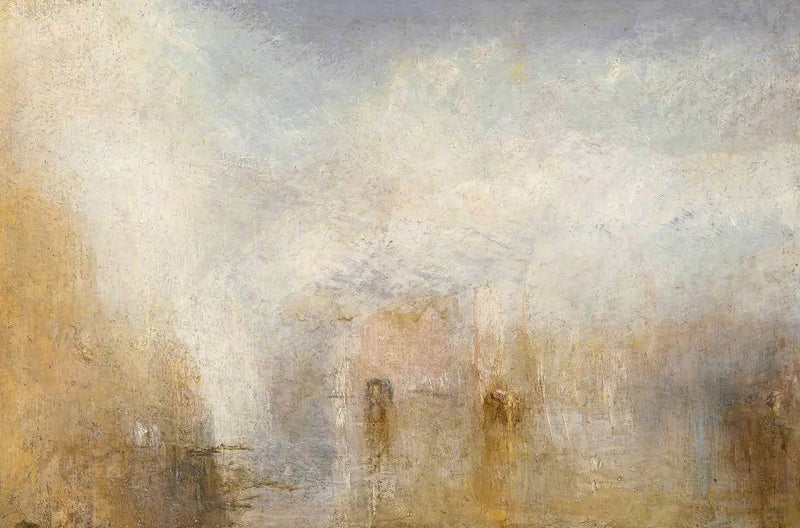 Scen i Venedig - J. M. W. Turner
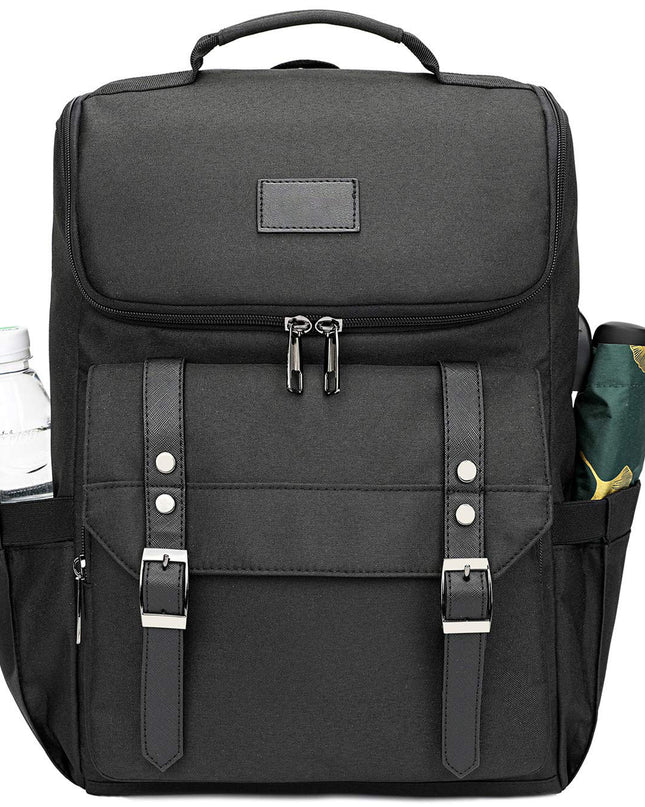 Men's Backpack Retro Travel Bag USB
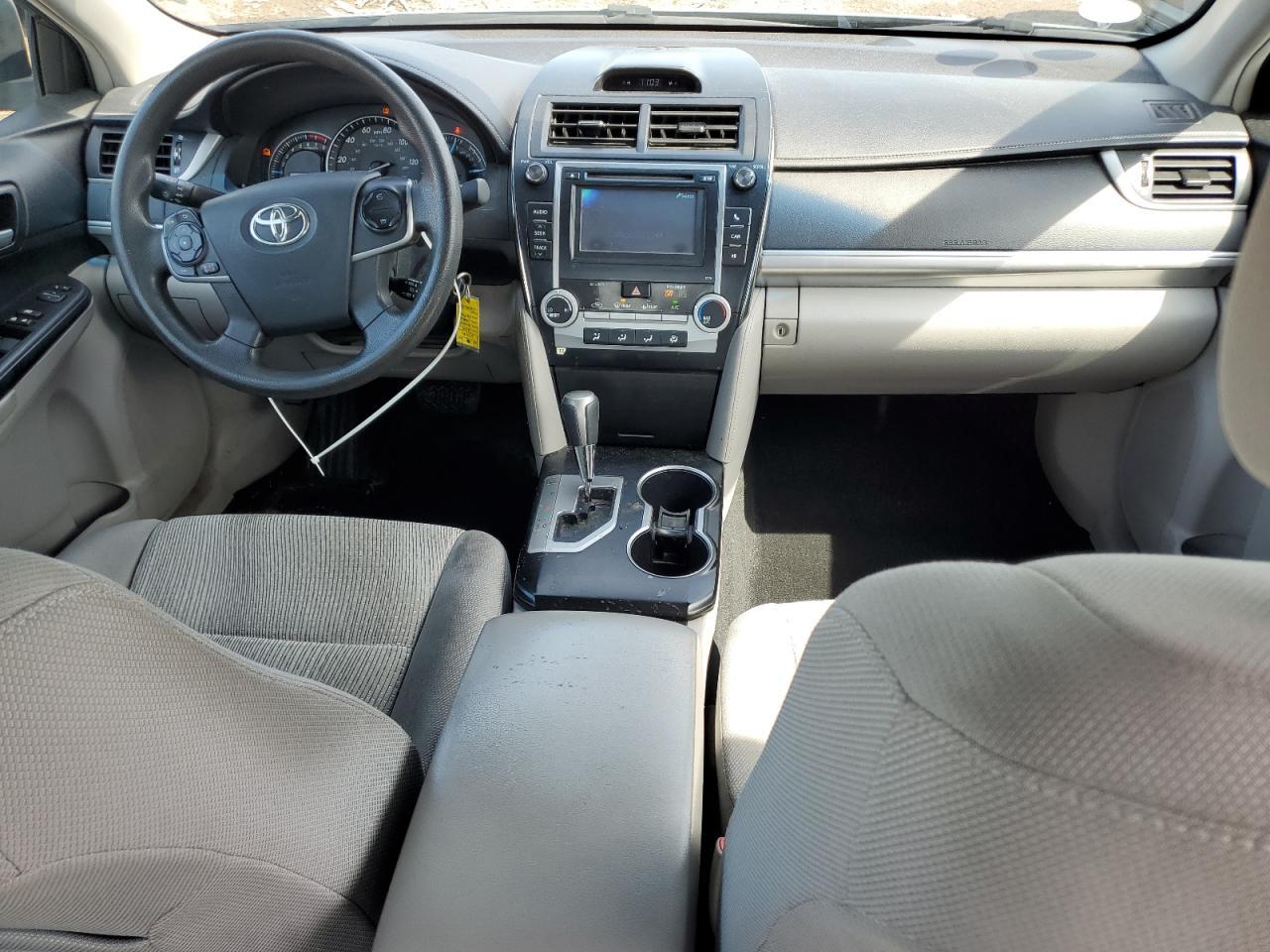 2014 TOYOTA CAMRY
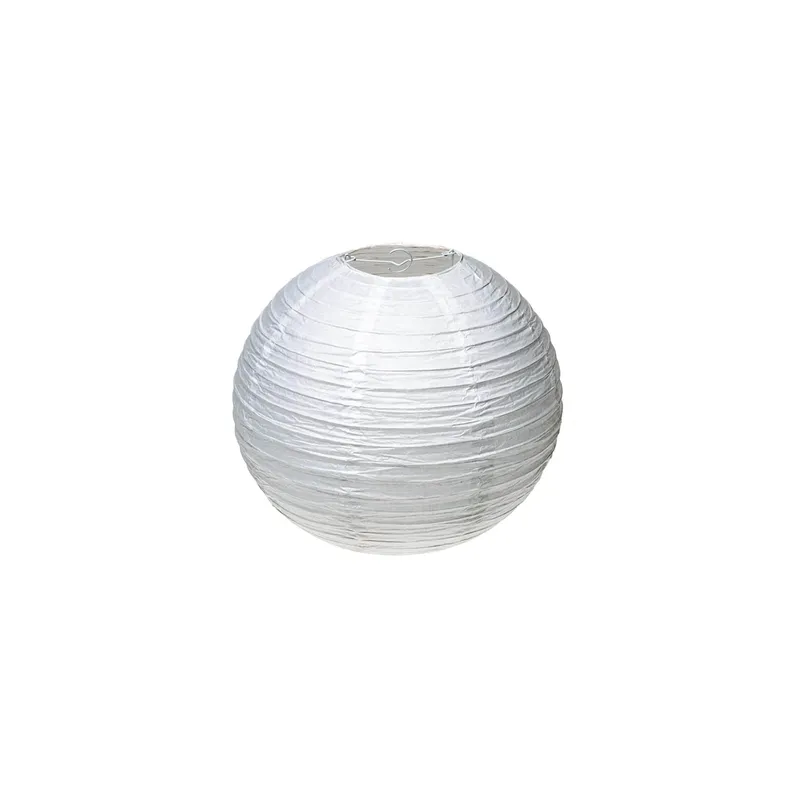 Paper Lantern Shade - 12 inch — Color Cord Company LED General Lighting  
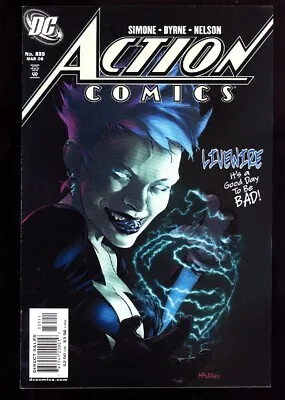 Buy Action Comics #835-first Dc Cont. Livewire-key Issue-2006 • 35.72£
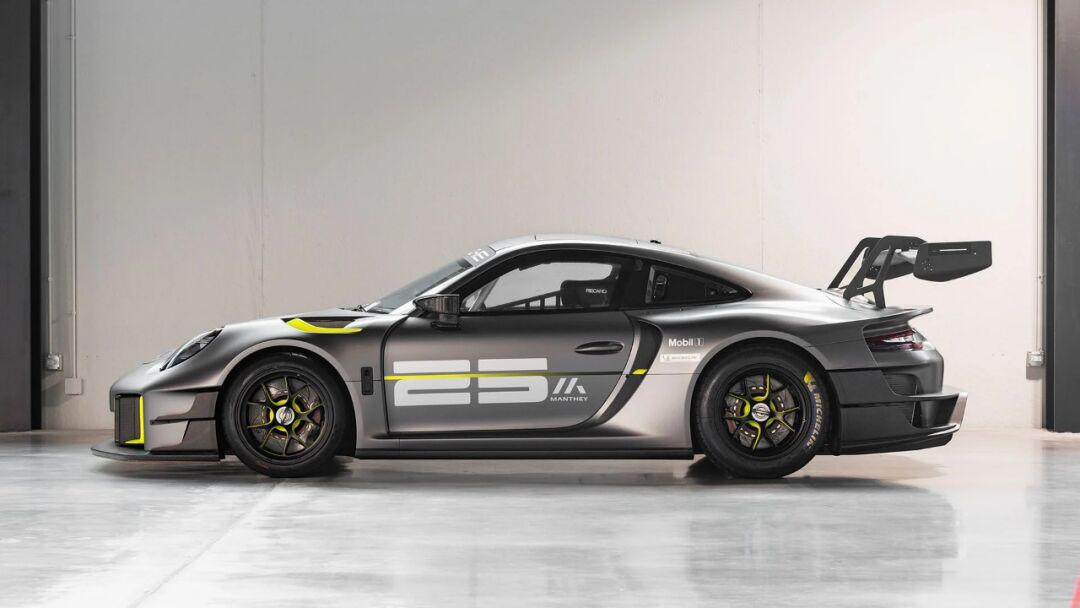 保时捷 gt2rs clubsport 25 manthey racing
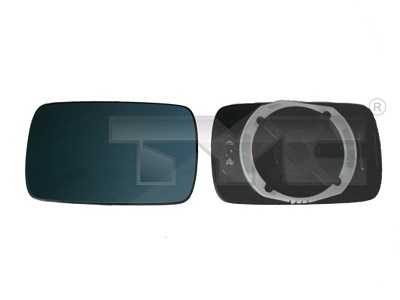 Tyc Spiegelglas, Außenspiegel [Hersteller-Nr. 303-0072-1] für BMW von TYC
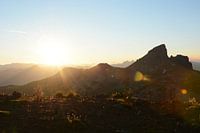 Sunset at Black Tusk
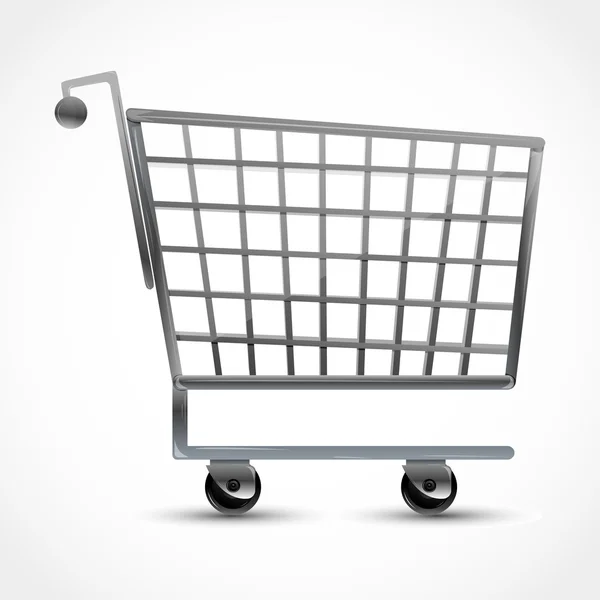 Shopping trolley — Stock Photo, Image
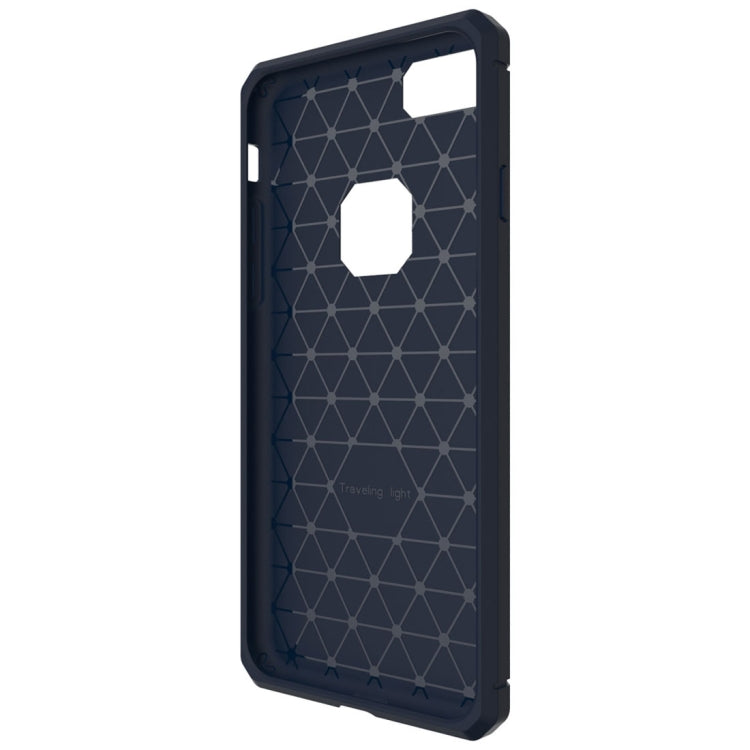 For iPhone 6 & 6s  Brushed Texture TPU Anti-slip Soft Protective Case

______

## Task item:
Word for word, print every record, and leave out any picture.

## Task answer:
 Scen i Venedig - J. M. W. Turner
 Men's Backpack Retro Travel Bag USB
 2014 TOYOTA CAMRY
 Paper Lantern Shade - 12 inch — Color Cord Company LED General Lighting  
 Buy Action Comics #835-first Dc Cont. Livewire-key Issue-2006 • 35.72£
 保时捷 gt2rs clubsport 25 manthey racing
 Tyc Spiegelglas, Außenspiegel [Hersteller-Nr. 303-0072-1] für BMW von TYC
 Sunset at Black Tusk
 Shopping trolley — Stock Photo, Image
 For iPhone 6 & 6s  Brushed Texture TPU Anti-slip Soft Protective Case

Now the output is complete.